Create a Bigtable external table

This page describes how to create a BigQuery permanent external table that can be used to query data stored in Bigtable. Querying data in Bigtable is available in all Bigtable locations.

Before you begin

Before you create an external table, gather some information and make sure you have permission to create the table.

Required roles

To create an external table to use to query your Bigtable data, you must be a principal in the Bigtable Admin (roles/bigtable.admin) role for the instance that contains the source table.

You also need the bigquery.tables.create BigQuery Identity and Access Management (IAM) permission.

Each of the following predefined Identity and Access Management roles includes this permission:

BigQuery Data Editor (roles/bigquery.dataEditor)
BigQuery Data Owner (roles/bigquery.dataOwner)
BigQuery Admin (roles/bigquery.admin)

If you are not a principal in any of these roles, ask your administrator to grant you access or to create the external table for you.
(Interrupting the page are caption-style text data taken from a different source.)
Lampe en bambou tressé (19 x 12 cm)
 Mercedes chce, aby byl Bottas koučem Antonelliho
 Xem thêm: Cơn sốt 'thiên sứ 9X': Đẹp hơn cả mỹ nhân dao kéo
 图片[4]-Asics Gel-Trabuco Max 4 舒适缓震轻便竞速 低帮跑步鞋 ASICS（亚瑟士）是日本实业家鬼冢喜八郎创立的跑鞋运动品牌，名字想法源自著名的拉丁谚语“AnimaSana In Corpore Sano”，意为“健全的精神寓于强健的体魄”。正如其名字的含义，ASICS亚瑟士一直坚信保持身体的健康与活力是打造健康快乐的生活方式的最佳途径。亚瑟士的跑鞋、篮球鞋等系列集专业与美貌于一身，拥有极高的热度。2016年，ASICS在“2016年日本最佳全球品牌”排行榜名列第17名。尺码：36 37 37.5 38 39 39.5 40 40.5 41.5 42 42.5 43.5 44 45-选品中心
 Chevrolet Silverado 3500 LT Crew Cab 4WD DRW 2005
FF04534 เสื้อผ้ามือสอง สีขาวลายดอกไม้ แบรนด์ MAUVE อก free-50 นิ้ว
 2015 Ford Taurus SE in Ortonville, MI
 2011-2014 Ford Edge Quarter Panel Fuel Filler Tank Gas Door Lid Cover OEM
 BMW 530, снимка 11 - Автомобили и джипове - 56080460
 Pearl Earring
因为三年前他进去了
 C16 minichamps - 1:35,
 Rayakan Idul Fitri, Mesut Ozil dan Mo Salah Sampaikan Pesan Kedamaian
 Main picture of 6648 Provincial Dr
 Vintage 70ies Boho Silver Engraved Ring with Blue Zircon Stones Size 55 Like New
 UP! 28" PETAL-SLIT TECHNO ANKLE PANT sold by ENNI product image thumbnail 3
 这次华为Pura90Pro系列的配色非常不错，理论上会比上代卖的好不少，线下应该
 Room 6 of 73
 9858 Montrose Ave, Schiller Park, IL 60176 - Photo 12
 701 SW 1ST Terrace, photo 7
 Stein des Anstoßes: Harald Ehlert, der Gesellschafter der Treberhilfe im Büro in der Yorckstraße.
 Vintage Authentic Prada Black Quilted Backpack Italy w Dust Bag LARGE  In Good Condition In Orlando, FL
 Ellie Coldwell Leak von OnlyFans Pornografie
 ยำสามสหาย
For more information on Identity and Access Management roles and permissions in BigQuery, see Predefined roles and permissions. To view information on Bigtable permissions, see Access control with Identity and Access Management. To view the roles required to query the external table, see Query Bigtable data.

Create or identify a dataset

Before you create an external table, you must create a dataset to contain the external table. You can also use an existing dataset.

Plan your compute usage

Determine the type of compute you want to use when you query your data. You specify that you want to use Data Boost or that you want to route to a dedicated cluster in your app profile settings.

Data Boost

To avoid impacting your application serving traffic, you can use Data Boost serverless compute when you use a BigQuery external table to read your Bigtable data. To use Data Boost, you must use a Data Boost app profile and include the app profile ID when you compose your Bigtable URI. For more information about Data Boost, see Bigtable Data Boost overview.

Provisioned nodes

If you don't use Data Boost, cluster nodes are used for compute.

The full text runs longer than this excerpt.